But we'll always have the greats:
- The Worm Mark Zuckerburg expressing concerns over her candidacy.
- Filleting Bloomberg like a trout. And before that, Delaney! I don't give her all the credit for Chris Matthews, but I'll give her some. She had this great habit of making terrible men just show their asses.
Highlights of the primary, non-Warren:
- Bernie is Jewish. While many flatten him and Joe as "two old White guys" (and I get it) I think there is lots that's fantastic and meaningful about this aspect of his candidacy. Talia Lavin wrote a great piece about this.

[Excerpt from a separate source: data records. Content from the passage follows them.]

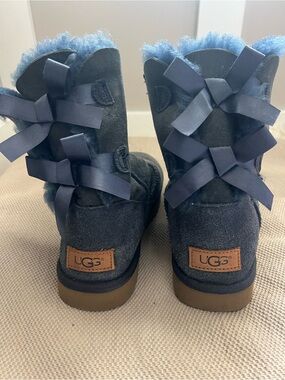 UGG Back-Bow Boots in Navy Blue with Blue Shearling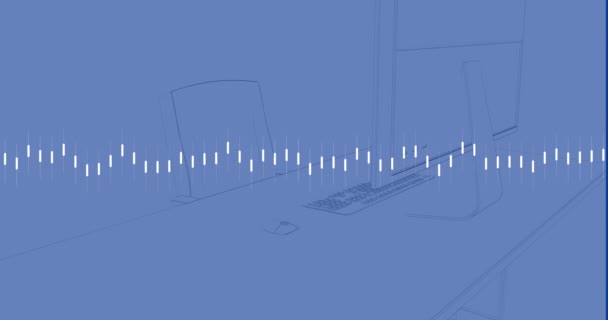 青い背景のオフィスの机のスケッチに対するデータ処理のアニメーション コンピュータインターフェイスとビジネスデータテクノロジーの概念 — ストック動画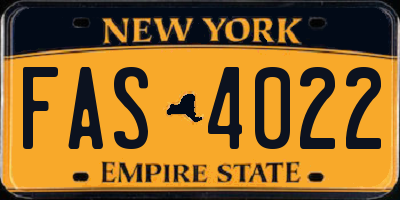 NY license plate FAS4022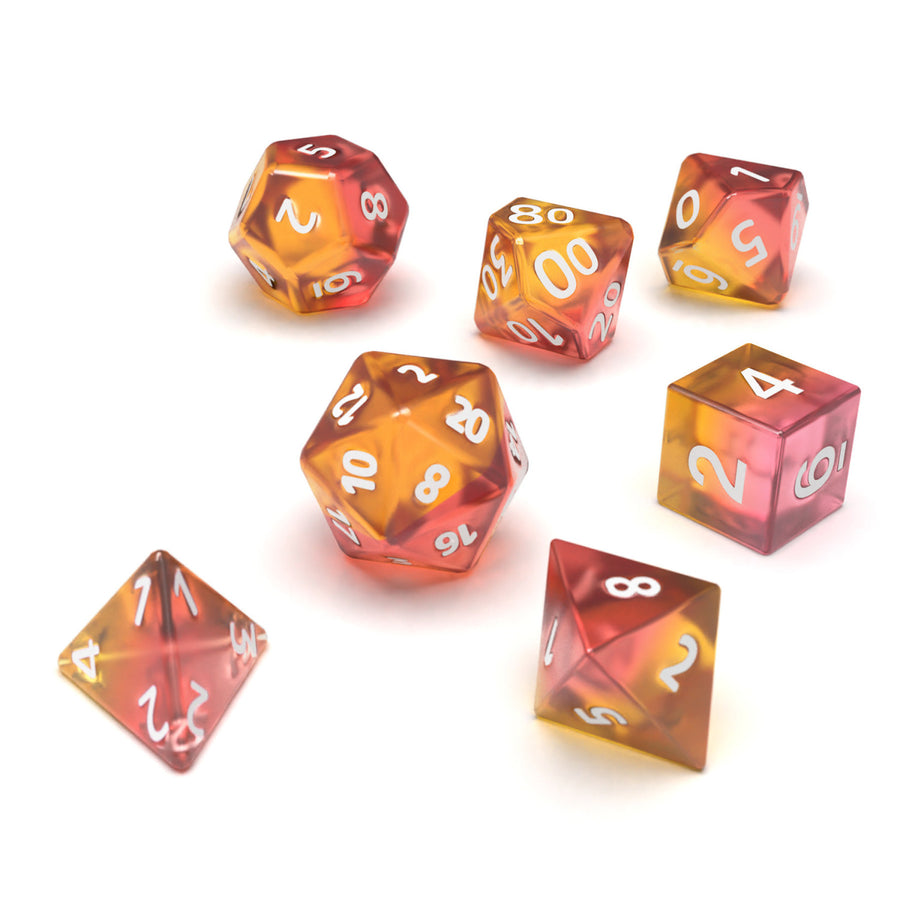 12x D6 16mm Dice - Clear Pink/Orange (Green Stuff World)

- There's light cause for cheer in the upcoming primary debate, even though it's kind of pointless. Jorge Ramos was supposed to moderate (he can't anymore because of potential SARS-CoV-19 exposure), and telling little Pablo "Jorge Ramos would moderate a major presidential debate" when I was a kid, I wouldn't have believed you.
If you haven't had enough words, some more Warren-ish articles/narratives about the primary:
- The Vox case for Elizabeth Warren was fantastic. The Bernie one too.

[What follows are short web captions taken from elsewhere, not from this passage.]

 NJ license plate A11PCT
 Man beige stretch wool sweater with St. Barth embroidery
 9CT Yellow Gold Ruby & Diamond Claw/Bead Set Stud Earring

- Feature piece on a volunteer who did a shit ton of work for her.
- Here's a great thread if you want to learn more about how stupid primaries are. Primaries don't count votes unless you get over 15%, so most of Warren's votes counted for nothing meaningful.
- Bernie getting kneecapped this way prior to Super Tuesday was, well, a risk his campaign knew about and bet against. If you built the Death Star that way intentionally, you can only complain so much about what a well-placed proton torpedo can do.

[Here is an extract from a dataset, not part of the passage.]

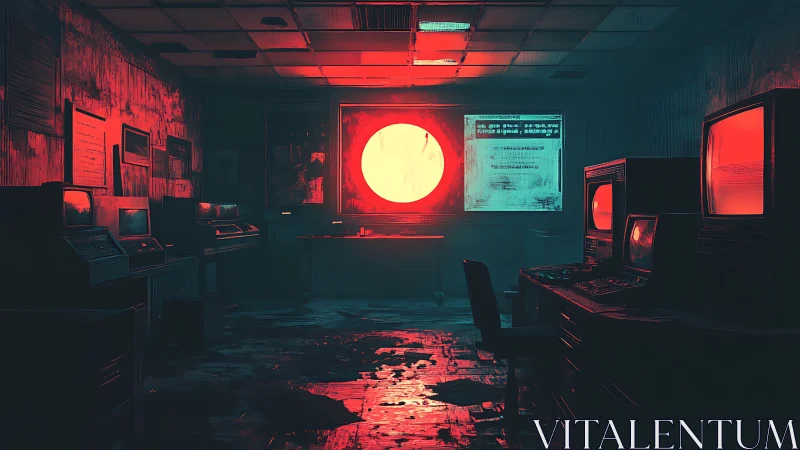 Glowing red sun haunts an abandoned retro computer lab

- I've been impressed with AOC's messaging around this. She supported Bernie but respects and wants to build a coalition with Warren voters. I'd like more of this, to be a part of this.
- Pareene on Democrats and electibility, and how it's counterproductive bullshit.
There! It's out of my system. There are a million little insider-baseball narratives I could mention too, but ¡basta!, on to live my damn life, which right now is too much startup code, some side OCaml for fun, trashy paranormal romance novels, and occasionally playing Celeste for that final golden (idk, in April?).
Also, not dying 😷
1. ^ I'm a little biased because so much of what I see is on Twitter, which is a very small, very vocal subset of his base, on a platform specifically designed to get emotional reactions and not allow much conversation. And much of the forces they blame(d) are absolutely legitimate. But not all of them, and you still gotta be tactical in the presence of unfair forces.
And this is only a knock on his presidential campaign, specifically: I'm extremely grateful for the inspiration and energy his runs produce. We flipped the NY State Senate away from awful incumbants, got rid of Joe Crowley, and many amazing progressives have cited his 2016 (and now, 2020) runs as inspiration to run themselves. The establishment survived this one election, but they're on borrowed time, and Bernie's campaigns are a huge driver in this.